2 years ago

Why we can’t stop thinking about Battersea’s newest restaurant

Archway has landed in Battersea and we can’t stop thinking about it. This golden nugget is living rent free in our head. Here’s why.

Credit: @bellco.uk

Waking up the morning after Archway was a heady experience. Did that really happen? Was it a beautiful dream? Why do we feel sad? Because the previous evening was such an impressive time, it was hard to not feel the same comedown as we would post-festival. But it was worth the fluctuations in our serotonin levels: Archway is open in Battersea and we haven’t stopped thinking about it. Head chef is Alex Owens, a woman of absolute wonder (she used to work at The River Cafe and The Ledbury), who has curated a small, punchy menu of seasonal food that goes with their ever-changing, equally small and equally impressive wine list. It’s unassuming from the outside, and en route to the restaurant we were concerned that we’d taken a wrong turn along a strip of arches that run from the Battersea Power Station complex. But that journey adds to the charm when you turn the door handle and are welcomed into the most charming, elegant space. It’s little in there- there are dinky, candlelit tables and the signature archway setting means that everyone is snuggled in, but it’s cleverly done to make it feel cosy, not cramped.

Credit: @archwaybattersea

We were shown to the bigger bar table which had three couples around it’s semi circular shape. Sitting on high chairs that meant we overlooked the vast kitchen, and was fun to see such cohesive work from the chefs going on. Maybe it was because they were on display throughout the night or maybe it was because it was real, (we expect the latter) there was a proper team atmosphere going on in there. Nothing like the stereotypical nightmare setting of a kitchen that Gordon Ramsey managed to plant into everyone’s heads, this was calm and creative.

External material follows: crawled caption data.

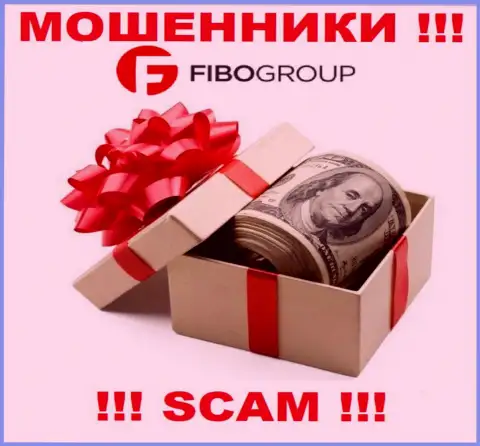Не нужно оплачивать никакого налогового сбора на доход в Фибо Групп, ведь все равно ни рубля не вернут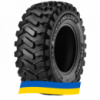 460/70 R24 Uniglory SMARTAGRO HAULER R-4 159/156A8/B Сельхоз шина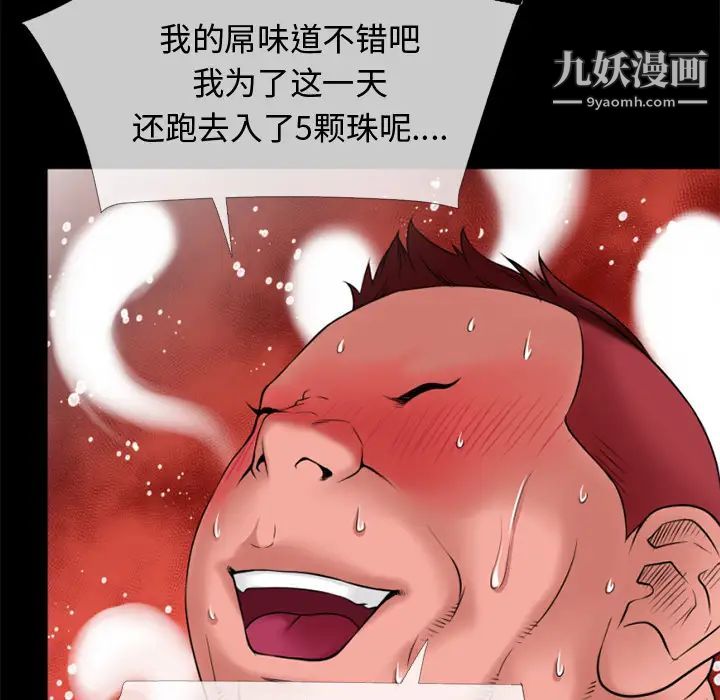 《超乎想像》漫画最新章节第35话免费下拉式在线观看章节第【80】张图片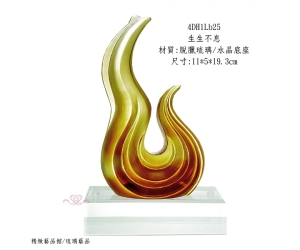 生生不息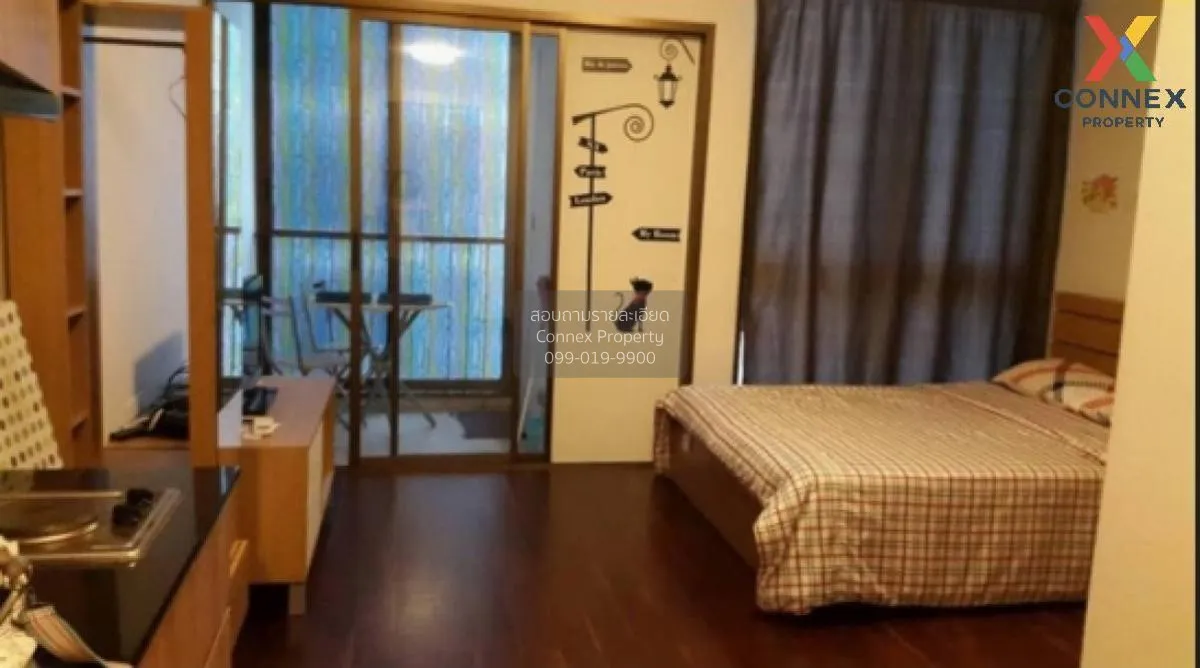 ขายคอนโด  ไอดีโอ สาทร - ตากสิน BTS-กรุงธนบุรี คลองต้นไทร เขต คลอง 2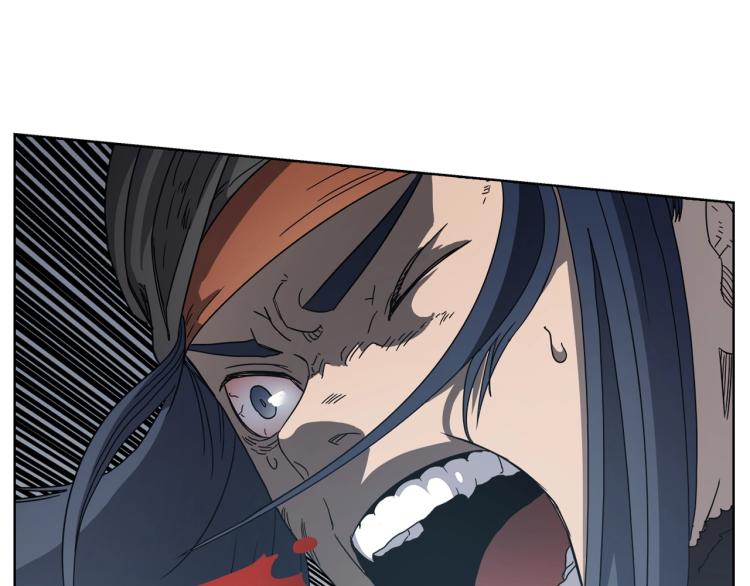 重生之我在魔教耍长枪韩漫全集-第50话 狠辣的魔教无删减无遮挡章节图片 
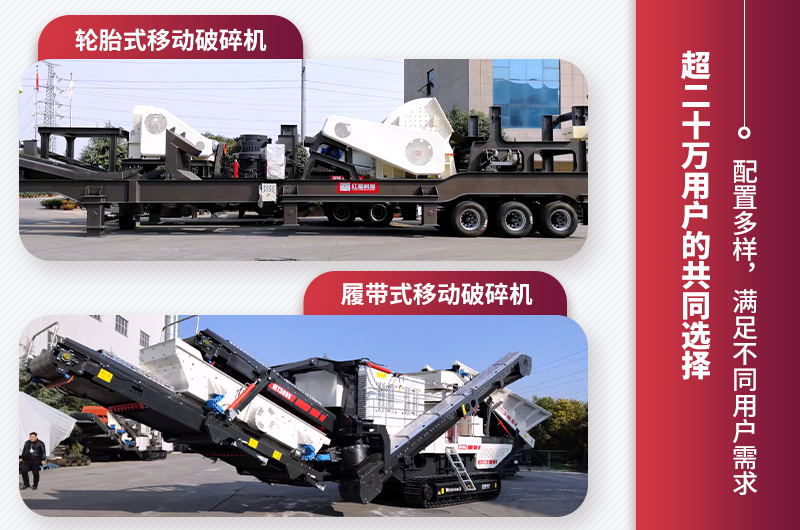 建筑垃圾破碎站 建筑垃圾破碎站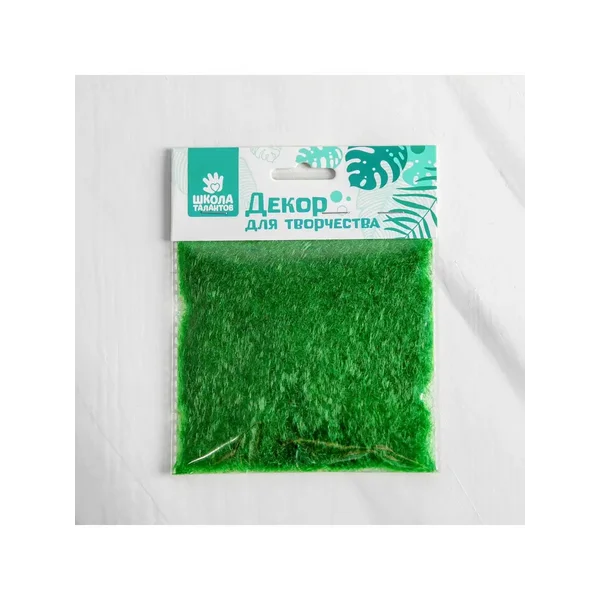Декор "Травка-насыпной материал, для создания мха"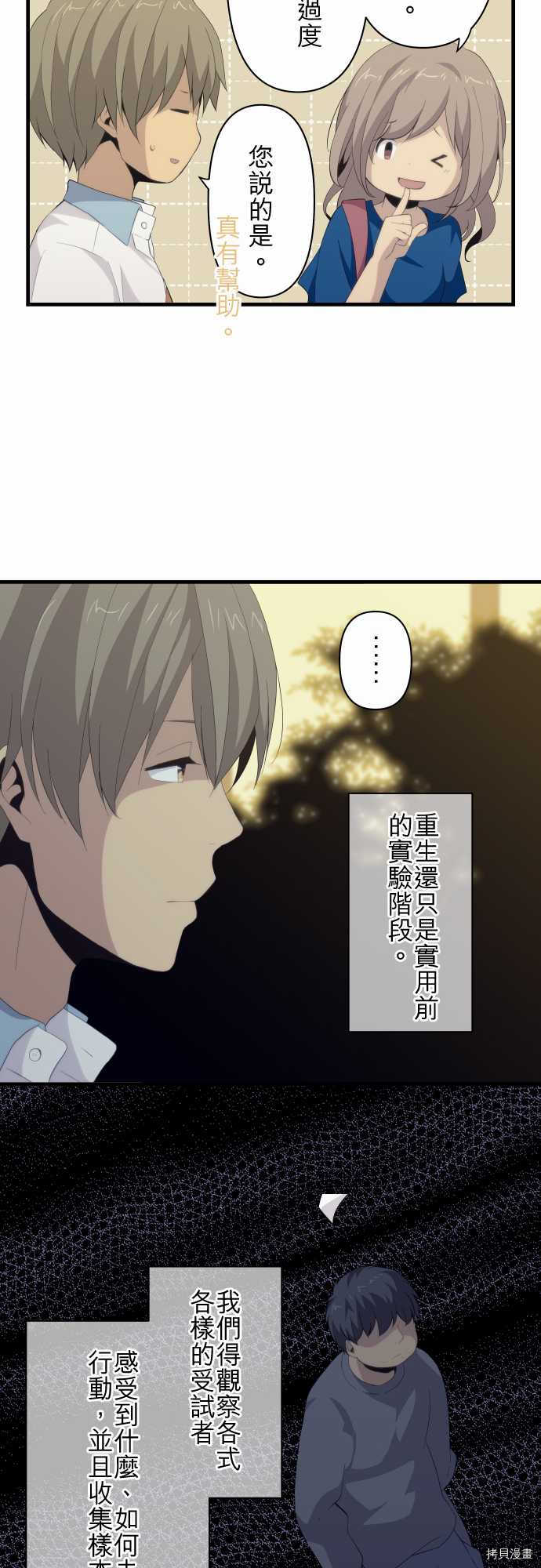 重生计划[拷贝漫画]韩漫全集-第110话无删减无遮挡章节图片 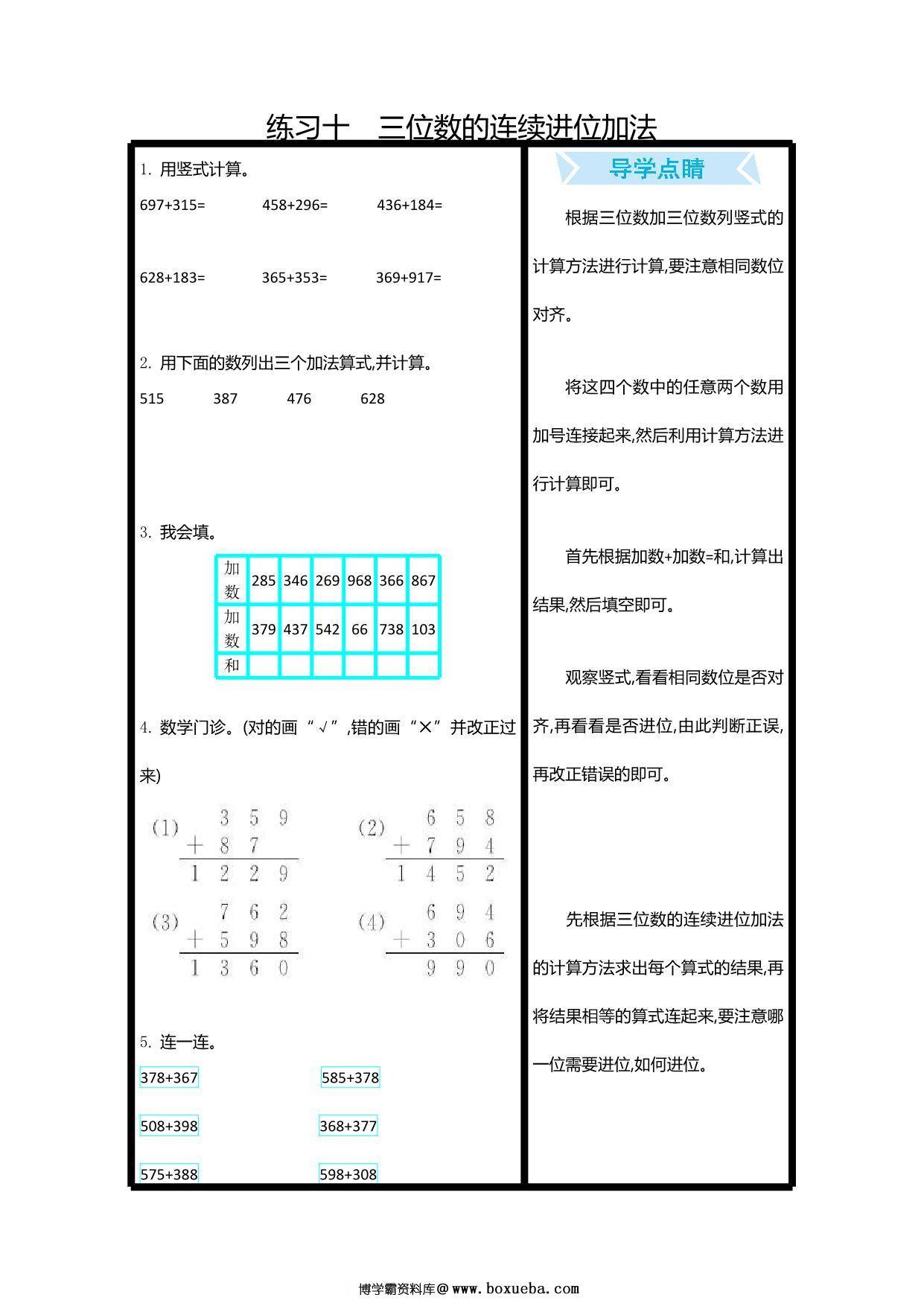 图片[3]-[合集15份] 二年级下册数学口算练习 青岛版五四制-淘学学资料库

Credit: @shall.we.grab.dinner

We started the evening off with a dirty martini. As dirty martini enthusiasts we were a little nervous when our server mentioned that this was the first order of the kind that they’d had in their restaurant, but thankfully when our drinks arrived they looked exactly right. Nocellara olives (three) and very dirty (as requested), the butteriness of the Nocellara olive brine worked a treat. Ice cold, this was up there as one of the best martinis we’d ever had and we’d like to start a trend at Archway and suggest you include one of these in your pre-dinner order too.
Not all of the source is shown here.